De Snow Flurry à Reckless Abandon, des lignées noires aux plicatas de Keppel : comment la connaissance des pedigrees a façonné un siècle de création iridophile
L'hybridation d'iris barbus n'est pas un jeu de hasard : c'est une discipline qui repose sur la prédiction. Lorsqu'un créateur croise deux cultivars, il ne combine pas simplement deux fleurs, mais deux architectures génétiques héritées de dizaines d'ancêtres. Connaître le pedigree de chaque parent permet d'anticiper, avec une probabilité raisonnable, quels traits apparaîtront dans la descendance. Un iris rose croisé avec un iris blanc peut donner du blanc, du rose, du lavande ou même du bleu, selon les allèles cachés dans les lignées respectives. Seule la généalogie révèle ces potentialités invisibles.

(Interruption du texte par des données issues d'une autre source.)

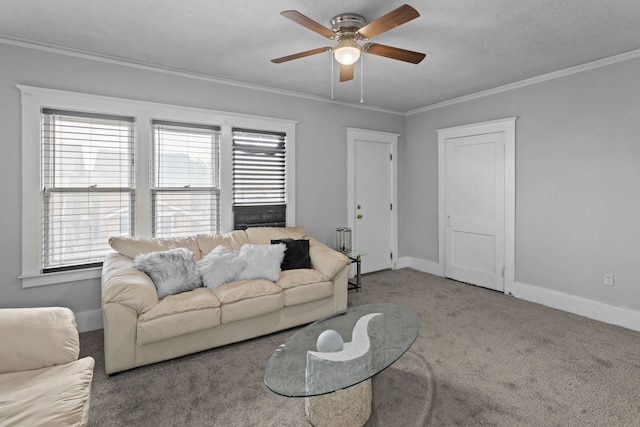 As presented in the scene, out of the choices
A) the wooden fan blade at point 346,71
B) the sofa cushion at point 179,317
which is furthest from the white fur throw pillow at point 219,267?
the wooden fan blade at point 346,71

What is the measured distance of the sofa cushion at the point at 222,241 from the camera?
3477mm

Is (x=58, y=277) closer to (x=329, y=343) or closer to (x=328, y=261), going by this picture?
(x=328, y=261)

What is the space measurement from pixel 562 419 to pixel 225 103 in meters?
4.08

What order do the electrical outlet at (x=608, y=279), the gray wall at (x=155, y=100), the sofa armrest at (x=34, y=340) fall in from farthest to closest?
the electrical outlet at (x=608, y=279)
the gray wall at (x=155, y=100)
the sofa armrest at (x=34, y=340)

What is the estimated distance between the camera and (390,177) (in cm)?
548

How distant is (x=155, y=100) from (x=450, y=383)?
12.3 ft

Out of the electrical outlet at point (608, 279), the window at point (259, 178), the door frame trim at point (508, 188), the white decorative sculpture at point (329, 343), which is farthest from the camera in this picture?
the door frame trim at point (508, 188)

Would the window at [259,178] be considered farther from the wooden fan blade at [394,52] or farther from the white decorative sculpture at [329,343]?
the white decorative sculpture at [329,343]

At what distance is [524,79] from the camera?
13.0 feet

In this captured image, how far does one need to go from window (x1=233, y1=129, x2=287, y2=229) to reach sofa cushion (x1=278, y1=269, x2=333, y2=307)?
3.47 ft

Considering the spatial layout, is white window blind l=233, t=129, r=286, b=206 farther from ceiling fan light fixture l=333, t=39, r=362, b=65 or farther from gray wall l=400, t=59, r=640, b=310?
gray wall l=400, t=59, r=640, b=310

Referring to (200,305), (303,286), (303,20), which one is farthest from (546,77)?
(200,305)

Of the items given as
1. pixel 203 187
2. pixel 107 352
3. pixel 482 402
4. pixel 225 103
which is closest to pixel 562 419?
pixel 482 402

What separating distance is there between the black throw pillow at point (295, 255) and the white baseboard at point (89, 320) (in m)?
1.84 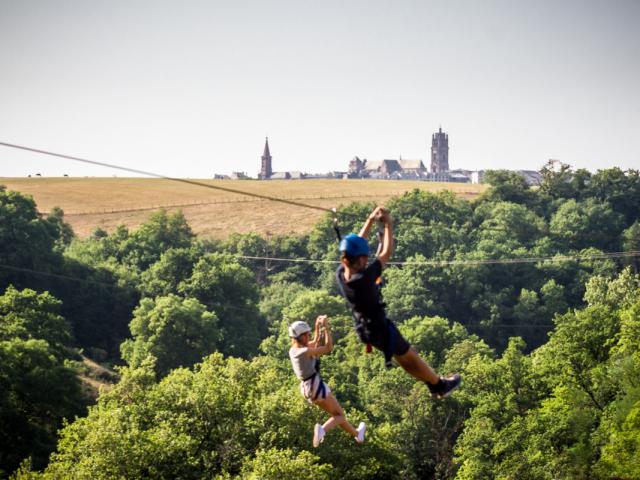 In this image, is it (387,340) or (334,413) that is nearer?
(387,340)

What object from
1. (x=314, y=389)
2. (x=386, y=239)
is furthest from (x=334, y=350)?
(x=386, y=239)

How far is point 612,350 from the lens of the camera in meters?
49.4

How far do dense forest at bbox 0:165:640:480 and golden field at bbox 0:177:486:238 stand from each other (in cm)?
1047

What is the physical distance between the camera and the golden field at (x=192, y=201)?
422ft

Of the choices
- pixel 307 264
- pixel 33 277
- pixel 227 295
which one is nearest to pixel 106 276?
pixel 33 277

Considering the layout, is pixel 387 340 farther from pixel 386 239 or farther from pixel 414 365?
pixel 386 239

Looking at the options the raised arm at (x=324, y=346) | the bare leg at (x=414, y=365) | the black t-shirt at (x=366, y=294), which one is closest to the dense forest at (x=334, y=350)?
the raised arm at (x=324, y=346)

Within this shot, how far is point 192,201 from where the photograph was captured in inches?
5723

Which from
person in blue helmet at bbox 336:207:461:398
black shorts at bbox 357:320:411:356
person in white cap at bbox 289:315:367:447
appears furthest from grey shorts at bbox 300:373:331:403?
black shorts at bbox 357:320:411:356

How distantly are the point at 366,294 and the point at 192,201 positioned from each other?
444 ft

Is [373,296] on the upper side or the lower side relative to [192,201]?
upper

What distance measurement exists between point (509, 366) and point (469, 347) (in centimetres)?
1185

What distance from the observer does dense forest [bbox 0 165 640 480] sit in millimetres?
38594

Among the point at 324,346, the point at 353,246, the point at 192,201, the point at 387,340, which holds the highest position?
the point at 353,246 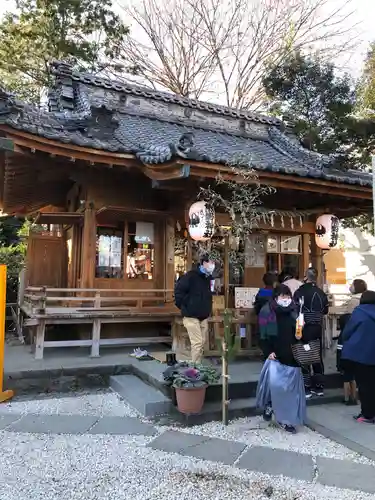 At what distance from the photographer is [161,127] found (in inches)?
452

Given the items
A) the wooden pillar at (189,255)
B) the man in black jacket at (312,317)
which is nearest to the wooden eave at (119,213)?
the wooden pillar at (189,255)

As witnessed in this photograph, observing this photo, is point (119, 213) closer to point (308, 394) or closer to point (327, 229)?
point (327, 229)

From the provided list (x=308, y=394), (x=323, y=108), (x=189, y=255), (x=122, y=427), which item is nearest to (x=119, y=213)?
(x=189, y=255)

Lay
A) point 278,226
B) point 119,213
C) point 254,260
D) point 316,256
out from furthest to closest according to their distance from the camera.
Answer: point 316,256 < point 254,260 < point 119,213 < point 278,226

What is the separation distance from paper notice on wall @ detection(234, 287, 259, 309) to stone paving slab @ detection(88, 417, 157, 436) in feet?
11.4

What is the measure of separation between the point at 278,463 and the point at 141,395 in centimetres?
240

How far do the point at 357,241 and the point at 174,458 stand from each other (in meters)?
21.2

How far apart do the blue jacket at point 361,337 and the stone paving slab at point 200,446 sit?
1811 millimetres

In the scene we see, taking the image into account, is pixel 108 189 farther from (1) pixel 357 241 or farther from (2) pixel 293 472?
(1) pixel 357 241

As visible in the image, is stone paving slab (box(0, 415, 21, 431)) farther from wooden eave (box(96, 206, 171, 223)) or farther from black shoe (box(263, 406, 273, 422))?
wooden eave (box(96, 206, 171, 223))

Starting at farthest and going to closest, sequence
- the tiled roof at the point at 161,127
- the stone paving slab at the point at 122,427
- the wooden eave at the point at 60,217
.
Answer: the wooden eave at the point at 60,217
the tiled roof at the point at 161,127
the stone paving slab at the point at 122,427

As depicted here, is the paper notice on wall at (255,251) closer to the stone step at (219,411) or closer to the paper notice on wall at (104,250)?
the paper notice on wall at (104,250)

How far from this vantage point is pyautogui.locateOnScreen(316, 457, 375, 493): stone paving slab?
3.72 m

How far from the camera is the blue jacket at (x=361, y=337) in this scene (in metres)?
5.16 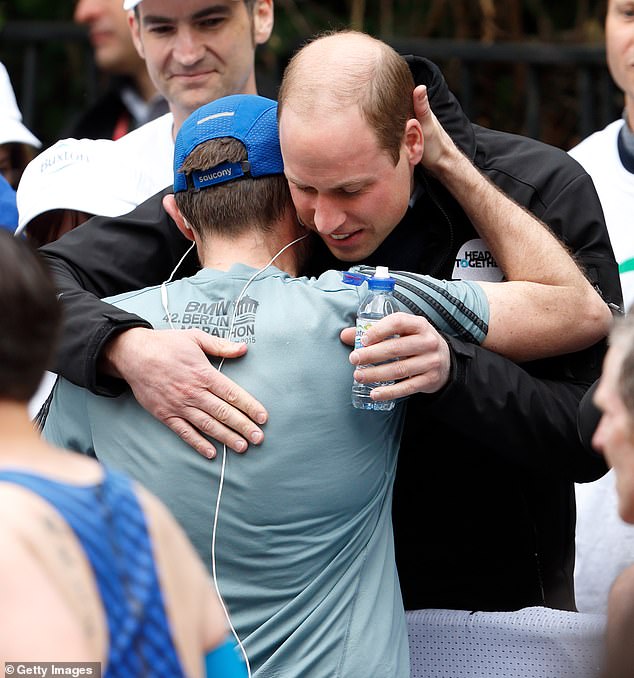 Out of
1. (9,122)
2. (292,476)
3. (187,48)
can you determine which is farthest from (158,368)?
(9,122)

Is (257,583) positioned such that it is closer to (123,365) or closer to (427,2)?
(123,365)

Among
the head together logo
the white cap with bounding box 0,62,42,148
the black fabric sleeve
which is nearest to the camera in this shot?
the black fabric sleeve

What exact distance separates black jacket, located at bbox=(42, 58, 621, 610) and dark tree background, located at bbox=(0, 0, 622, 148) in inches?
140

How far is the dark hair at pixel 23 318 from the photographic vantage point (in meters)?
1.57

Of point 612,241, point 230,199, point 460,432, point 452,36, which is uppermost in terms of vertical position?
point 230,199

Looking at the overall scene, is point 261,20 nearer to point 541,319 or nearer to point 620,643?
point 541,319

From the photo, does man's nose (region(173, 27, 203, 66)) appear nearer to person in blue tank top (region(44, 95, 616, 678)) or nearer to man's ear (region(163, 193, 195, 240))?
man's ear (region(163, 193, 195, 240))

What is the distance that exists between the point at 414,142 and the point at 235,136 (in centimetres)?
39

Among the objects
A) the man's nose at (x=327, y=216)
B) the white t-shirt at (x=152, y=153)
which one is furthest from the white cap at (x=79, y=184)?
the man's nose at (x=327, y=216)

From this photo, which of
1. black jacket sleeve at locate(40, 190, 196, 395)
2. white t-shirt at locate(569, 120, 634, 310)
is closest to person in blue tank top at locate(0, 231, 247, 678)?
black jacket sleeve at locate(40, 190, 196, 395)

Au locus plicata, par exemple, une seule dose de l'allèle dominant Pl sur quatre suffit à masquer entièrement le patron plicata récessif — il faut donc quatre doses de l'allèle pl pour obtenir un plicata, ce qui explique pourquoi certains croisements entre un plicata et un self ne donnent aucun plicata en F1.
Historiquement, la conversion des iris de jardin européens, initialement diploïdes (2n = 24, hybrides d'I. pallida et d'I. variegata), en tétraploïdes modernes s'est opérée au début du XXe siècle grâce à l'introduction d'espèces tétraploïdes méditerranéennes (I. cypriana, I. trojana, I. mesopotamica) par Sir Michael Foster d'Angleterre vers 1889. Cette conversion a ouvert la voie aux fleurs plus grandes, aux textures veloutées, à l'ondulation prononcée et aux palettes chromatiques que nous connaissons aujourd'hui.

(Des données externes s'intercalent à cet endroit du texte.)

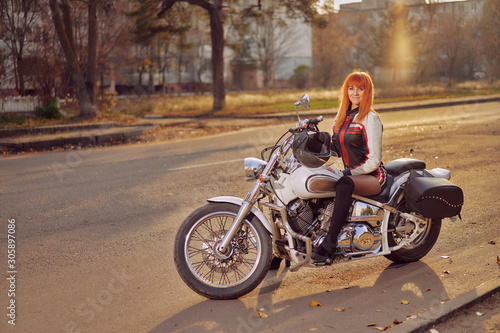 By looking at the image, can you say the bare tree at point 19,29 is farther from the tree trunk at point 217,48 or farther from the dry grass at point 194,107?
the tree trunk at point 217,48

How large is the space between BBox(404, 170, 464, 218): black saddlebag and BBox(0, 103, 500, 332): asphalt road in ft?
1.90

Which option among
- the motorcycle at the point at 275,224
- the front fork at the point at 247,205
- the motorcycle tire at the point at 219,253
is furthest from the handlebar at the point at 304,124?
the motorcycle tire at the point at 219,253

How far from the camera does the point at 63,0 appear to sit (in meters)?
19.0

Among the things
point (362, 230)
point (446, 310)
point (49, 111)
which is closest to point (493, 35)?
point (49, 111)

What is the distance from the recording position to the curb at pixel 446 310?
368 cm

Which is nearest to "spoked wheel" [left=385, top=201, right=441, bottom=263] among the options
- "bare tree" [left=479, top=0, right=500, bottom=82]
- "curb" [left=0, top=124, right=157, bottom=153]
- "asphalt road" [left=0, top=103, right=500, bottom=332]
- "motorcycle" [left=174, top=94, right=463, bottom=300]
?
"asphalt road" [left=0, top=103, right=500, bottom=332]

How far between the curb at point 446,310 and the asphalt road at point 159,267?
159mm

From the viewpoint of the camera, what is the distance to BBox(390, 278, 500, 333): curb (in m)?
3.68

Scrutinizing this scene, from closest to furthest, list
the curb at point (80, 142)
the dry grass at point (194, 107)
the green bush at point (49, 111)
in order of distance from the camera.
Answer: the curb at point (80, 142) < the dry grass at point (194, 107) < the green bush at point (49, 111)

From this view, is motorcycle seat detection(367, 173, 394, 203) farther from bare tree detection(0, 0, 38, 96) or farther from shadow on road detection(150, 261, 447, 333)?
bare tree detection(0, 0, 38, 96)

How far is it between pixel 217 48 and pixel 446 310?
22.5 m

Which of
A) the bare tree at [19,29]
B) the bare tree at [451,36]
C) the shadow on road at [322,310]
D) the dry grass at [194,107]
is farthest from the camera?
the bare tree at [451,36]

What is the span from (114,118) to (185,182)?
12283mm

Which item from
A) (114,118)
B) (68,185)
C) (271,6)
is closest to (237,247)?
(68,185) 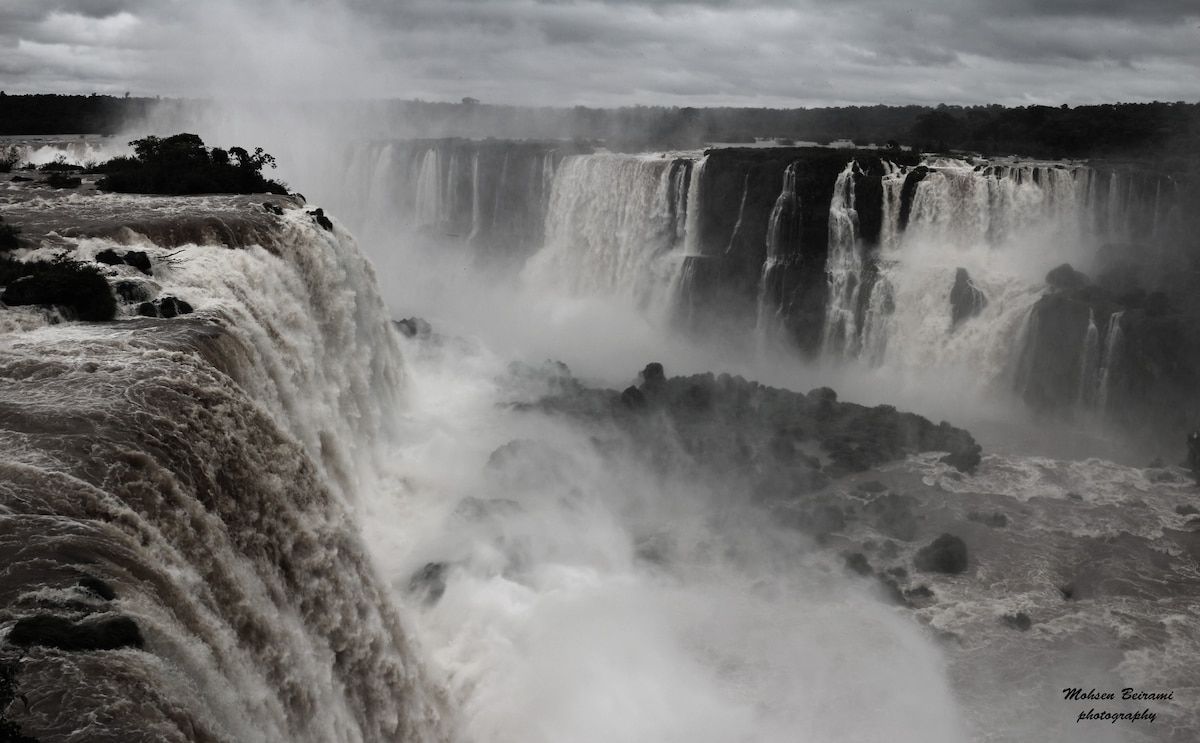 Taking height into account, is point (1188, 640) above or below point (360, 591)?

L'American Iris Society (AIS), fondée en 1927, est reconnue par le Code International de Nomenclature des Plantes Cultivées comme l'autorité mondiale d'enregistrement des iris non bulbeux. Chaque cultivar enregistré fait l'objet d'une fiche comprenant le nom, la description détaillée, la hauteur, la saison de floraison, la classification chromatique, le numéro de semis, et surtout le pedigree complet au format « parent-graine × parent-pollen ».
Le wiki.irises.org (AIS Iris Encyclopedia) offre un accès libre et gratuit à l'ensemble de ces données. Chaque entrée contient les informations d'enregistrement, la parenté, les récompenses, les descriptions de catalogues historiques, des photographies contributives et — fonctionnalité précieuse — un outil de recherche des descendants permettant de tracer toute la postérité d'un cultivar donné. Le site irisregister.com, accessible par abonnement aux membres électroniques de l'AIS, propose des fonctions de recherche avancée par pedigree, hybrideur ou année. La Historic Iris Preservation Society (HIPS) complète ce dispositif en documentant photographiquement les iris historiques.

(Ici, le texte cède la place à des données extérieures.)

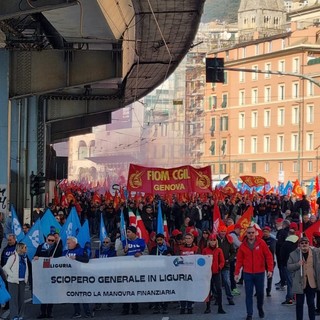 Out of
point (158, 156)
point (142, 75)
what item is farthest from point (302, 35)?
point (142, 75)

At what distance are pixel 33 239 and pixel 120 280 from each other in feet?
13.2

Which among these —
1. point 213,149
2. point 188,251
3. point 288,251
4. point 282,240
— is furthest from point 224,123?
point 188,251

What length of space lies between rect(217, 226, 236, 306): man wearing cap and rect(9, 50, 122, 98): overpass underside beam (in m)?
12.7

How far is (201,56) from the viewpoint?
109000mm

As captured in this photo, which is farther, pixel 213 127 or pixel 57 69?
pixel 213 127

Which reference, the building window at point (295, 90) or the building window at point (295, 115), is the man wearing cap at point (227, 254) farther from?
the building window at point (295, 90)

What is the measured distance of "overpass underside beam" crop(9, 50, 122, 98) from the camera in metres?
28.8

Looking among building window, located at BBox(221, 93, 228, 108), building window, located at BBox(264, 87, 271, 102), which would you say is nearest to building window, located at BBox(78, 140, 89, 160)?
building window, located at BBox(221, 93, 228, 108)

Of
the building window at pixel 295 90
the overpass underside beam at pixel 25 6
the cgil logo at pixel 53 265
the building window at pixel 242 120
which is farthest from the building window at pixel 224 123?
the cgil logo at pixel 53 265

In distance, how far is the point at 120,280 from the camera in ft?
52.9

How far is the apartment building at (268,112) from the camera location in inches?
3708

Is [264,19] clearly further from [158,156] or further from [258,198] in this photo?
[258,198]

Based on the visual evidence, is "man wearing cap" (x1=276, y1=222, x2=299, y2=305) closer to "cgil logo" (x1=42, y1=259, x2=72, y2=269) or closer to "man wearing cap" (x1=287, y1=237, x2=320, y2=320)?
"man wearing cap" (x1=287, y1=237, x2=320, y2=320)

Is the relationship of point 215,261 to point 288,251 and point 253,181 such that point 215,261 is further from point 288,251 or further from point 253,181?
point 253,181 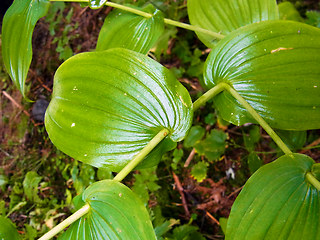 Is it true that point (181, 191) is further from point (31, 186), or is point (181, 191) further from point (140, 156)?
point (31, 186)

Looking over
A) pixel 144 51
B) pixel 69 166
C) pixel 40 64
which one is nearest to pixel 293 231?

Certains cultivars transmettent systématiquement leurs qualités à une descendance exceptionnelle. Ces géniteurs d'élite sont des pivots généalogiques dont l'influence irradie sur des dizaines de générations. L'AIS Bulletin a consacré des articles fondateurs à ce concept : « Good Parents » de George W. Warner (1968) et « The Best of Parents » de Clarke Cosgrove (1974).
'Stepping Out' (Schreiner, 1964), plicata fondateur à parenté inconnue, a engendré 'Rondo', 'Gigi', 'Loop The Loop', 'Going My Way'. Plus récemment, 'Decadence' (Blyth, 2001), issu de 'Temple Of Time' × 'Louisa's Song', est devenu l'un des parents les plus prolifiques du XXIe siècle, utilisé par Keppel, Johnson, Black et Blyth lui-même. 'Louisa's Song' (Blyth, 1999) compte 183 descendants nommés — un record éloquent.
Clara B. Rees, hybrideure californienne, croisa le tétraploïde blanc 'Purissima' avec le diploïde orchidée-rose 'Thaïs'. La gousse ne contenait que deux graines dont une seule viable — illustration dramatique de la barrière de ploïdie. Ce semis unique, introduit par Carl Salbach, fut le premier iris à présenter une ondulation véritable des pétales.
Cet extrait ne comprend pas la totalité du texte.